The first meditation commences with the words: Father, forgive them, for they know not what they do, with the final meditation ending the work with the words, Into my hands, O Lord, I commend my spirit! The complete oratorio is framed by a solemn introduction and concludes with a fast movement describing an earthquake. Haydn found composing the seven Adagios no easy task and stated, "The task of writing seven Adagios, one after the other, each lasting about ten minutes, without wearying the listeners, was by no means easy and I soon found that I could not restrict myself to the required timing."

Haydn originally composed The seven last words for full orchestra in 1786. A year later he scored an alternative version the for string quartet; which is said to be the most popular adaptation. Around the same time a publisher made a piano reduction of the work. In 1795 as Haydn was travelling through Passau on the Austro-German border he heard a performance of an arrangement of his Seven last words made by a choirmaster, Joseph Frieberth, who had added choral parts to Haydn’s original orchestral score. Haydn set about composing his own choral version and this is what we hear on the present release. Using a text by Baron Gottfried van Sweden, Haydn set the words for four soloists and chorus, adapting the original orchestral score and adding parts for the clarinet, contrabassoon and trombones. He also inserted a solemn Introduction for wind instruments between the fourth and fifth movements. This final version was first performed in Vienna in 1796 and published in 1801.

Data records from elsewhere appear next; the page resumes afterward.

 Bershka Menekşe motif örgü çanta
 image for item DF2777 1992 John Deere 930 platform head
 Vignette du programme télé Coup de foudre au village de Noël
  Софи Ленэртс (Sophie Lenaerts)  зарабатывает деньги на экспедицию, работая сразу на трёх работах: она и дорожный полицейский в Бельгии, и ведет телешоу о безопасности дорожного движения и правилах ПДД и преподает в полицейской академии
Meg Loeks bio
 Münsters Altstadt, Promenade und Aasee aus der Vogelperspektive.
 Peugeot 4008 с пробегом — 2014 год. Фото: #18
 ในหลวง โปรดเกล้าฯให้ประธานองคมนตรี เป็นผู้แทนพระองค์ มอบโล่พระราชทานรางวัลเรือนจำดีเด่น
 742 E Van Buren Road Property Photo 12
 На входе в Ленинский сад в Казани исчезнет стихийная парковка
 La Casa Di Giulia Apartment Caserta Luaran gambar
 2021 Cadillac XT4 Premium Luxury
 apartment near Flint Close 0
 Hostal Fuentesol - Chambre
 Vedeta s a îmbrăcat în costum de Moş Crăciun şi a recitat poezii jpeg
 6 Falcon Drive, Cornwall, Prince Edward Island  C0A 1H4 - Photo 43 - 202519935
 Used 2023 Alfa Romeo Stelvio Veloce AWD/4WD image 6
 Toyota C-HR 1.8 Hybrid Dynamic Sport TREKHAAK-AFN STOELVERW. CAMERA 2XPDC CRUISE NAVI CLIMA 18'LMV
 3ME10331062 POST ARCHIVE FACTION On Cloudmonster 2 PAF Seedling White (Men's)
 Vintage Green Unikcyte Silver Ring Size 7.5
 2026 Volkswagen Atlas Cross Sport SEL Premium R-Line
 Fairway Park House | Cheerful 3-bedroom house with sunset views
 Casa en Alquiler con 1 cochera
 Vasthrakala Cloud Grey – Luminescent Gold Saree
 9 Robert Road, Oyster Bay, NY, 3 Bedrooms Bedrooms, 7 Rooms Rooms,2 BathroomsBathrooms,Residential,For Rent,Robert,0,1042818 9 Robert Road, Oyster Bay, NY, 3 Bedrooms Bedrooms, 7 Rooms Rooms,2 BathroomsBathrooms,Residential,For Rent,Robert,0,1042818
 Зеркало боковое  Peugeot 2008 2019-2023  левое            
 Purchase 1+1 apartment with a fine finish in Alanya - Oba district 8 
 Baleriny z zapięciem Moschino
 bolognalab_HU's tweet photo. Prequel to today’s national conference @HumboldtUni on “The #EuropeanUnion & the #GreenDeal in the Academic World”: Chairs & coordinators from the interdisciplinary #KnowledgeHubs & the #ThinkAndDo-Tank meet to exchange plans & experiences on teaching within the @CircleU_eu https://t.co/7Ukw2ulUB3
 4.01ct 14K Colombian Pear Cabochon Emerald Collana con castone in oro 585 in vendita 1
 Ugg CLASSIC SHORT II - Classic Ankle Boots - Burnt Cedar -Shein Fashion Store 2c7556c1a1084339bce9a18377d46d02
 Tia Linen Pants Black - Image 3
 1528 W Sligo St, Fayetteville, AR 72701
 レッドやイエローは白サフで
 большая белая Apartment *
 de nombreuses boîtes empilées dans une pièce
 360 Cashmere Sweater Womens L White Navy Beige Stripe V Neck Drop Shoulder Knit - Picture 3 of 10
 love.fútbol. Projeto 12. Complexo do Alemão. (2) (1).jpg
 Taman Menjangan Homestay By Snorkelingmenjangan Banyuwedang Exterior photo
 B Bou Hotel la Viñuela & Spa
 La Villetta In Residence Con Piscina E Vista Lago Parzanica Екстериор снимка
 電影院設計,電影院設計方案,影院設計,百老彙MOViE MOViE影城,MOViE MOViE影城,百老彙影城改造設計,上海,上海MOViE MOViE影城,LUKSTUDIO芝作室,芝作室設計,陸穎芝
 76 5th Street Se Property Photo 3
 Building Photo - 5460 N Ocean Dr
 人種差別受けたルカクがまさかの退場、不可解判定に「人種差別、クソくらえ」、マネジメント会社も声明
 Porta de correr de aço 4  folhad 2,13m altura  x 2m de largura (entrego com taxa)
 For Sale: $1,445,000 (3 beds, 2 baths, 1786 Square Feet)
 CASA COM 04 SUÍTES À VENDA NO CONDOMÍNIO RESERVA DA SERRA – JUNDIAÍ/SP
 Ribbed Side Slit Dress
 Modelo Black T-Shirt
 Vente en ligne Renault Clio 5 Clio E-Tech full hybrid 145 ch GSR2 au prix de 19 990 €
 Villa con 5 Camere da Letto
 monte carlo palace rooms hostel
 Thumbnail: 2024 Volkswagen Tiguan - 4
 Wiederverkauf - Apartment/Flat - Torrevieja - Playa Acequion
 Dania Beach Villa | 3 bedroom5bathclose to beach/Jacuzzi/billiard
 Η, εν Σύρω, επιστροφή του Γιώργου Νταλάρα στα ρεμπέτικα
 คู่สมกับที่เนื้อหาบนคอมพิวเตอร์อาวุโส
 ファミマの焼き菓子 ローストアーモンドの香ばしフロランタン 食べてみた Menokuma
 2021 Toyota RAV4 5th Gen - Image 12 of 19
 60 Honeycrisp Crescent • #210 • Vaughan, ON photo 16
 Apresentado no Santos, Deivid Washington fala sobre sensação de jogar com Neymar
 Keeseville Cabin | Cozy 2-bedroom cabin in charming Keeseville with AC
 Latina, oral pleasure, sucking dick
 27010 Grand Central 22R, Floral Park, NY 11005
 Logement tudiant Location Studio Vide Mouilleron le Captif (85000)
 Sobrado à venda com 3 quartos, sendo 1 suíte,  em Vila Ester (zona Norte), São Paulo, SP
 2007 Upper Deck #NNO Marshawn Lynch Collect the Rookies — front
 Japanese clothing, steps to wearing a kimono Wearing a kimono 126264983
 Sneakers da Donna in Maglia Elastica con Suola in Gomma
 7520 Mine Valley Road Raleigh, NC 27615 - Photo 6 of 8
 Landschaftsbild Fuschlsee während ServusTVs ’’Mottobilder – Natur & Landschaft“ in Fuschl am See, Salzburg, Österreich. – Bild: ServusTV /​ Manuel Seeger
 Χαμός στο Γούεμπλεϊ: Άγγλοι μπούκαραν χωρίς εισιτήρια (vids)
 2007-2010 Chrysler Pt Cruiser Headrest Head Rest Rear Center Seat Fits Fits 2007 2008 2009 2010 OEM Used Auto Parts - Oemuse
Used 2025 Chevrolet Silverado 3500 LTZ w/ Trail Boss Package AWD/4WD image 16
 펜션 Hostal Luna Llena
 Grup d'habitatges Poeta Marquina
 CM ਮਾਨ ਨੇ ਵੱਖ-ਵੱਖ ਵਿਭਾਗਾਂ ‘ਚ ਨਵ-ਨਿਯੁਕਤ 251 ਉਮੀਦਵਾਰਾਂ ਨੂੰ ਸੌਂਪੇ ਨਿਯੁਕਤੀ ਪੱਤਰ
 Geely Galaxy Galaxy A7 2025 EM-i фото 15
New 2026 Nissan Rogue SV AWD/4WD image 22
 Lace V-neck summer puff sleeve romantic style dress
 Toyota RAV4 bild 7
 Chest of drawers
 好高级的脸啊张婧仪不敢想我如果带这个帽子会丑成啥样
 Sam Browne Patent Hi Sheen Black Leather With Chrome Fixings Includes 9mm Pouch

The oratorio is one of Haydn’s most spiritual and sublime compositions; a musical proclamation of Haydn’s affirmation of his Catholic faith in God. On this Elatus re-release Nikolaus Harnoncourt conducts his Concentus Musicus Wien and the Arnold Schoenberg Choir in a performance previously released, to much critical acclaim, in 1992 on Teldec. Harnoncourt’s performance is quite masterly in all respects and it is gratifying to have the work back in the catalogue on the mid-price Elatus label. Harnoncourt’s quartet of singers are splendidly chosen and well contrasted too, producing superbly focused tone of exceptional smoothness. Thye also display a wonderful purity that really draws the listener into the music. The lighter forces of the period orchestra Concentus Musicus Wien makes for increased transparency with fine detail. Harnoncourt’s interpretation is inspired and the orchestra play with great concentration and atmosphere.

The velvety recorded sound is perfectly judged and truthful and the annotation is concise and informative. This is a work of unparalleled beauty and reverence which remains Haydn’s hidden masterpiece. It should prove a revelation to those encountering the work for the first time. This Elatus release is one of the finest recordings of any choral works in the catalogues. Indispensable Haydn, indispensable music!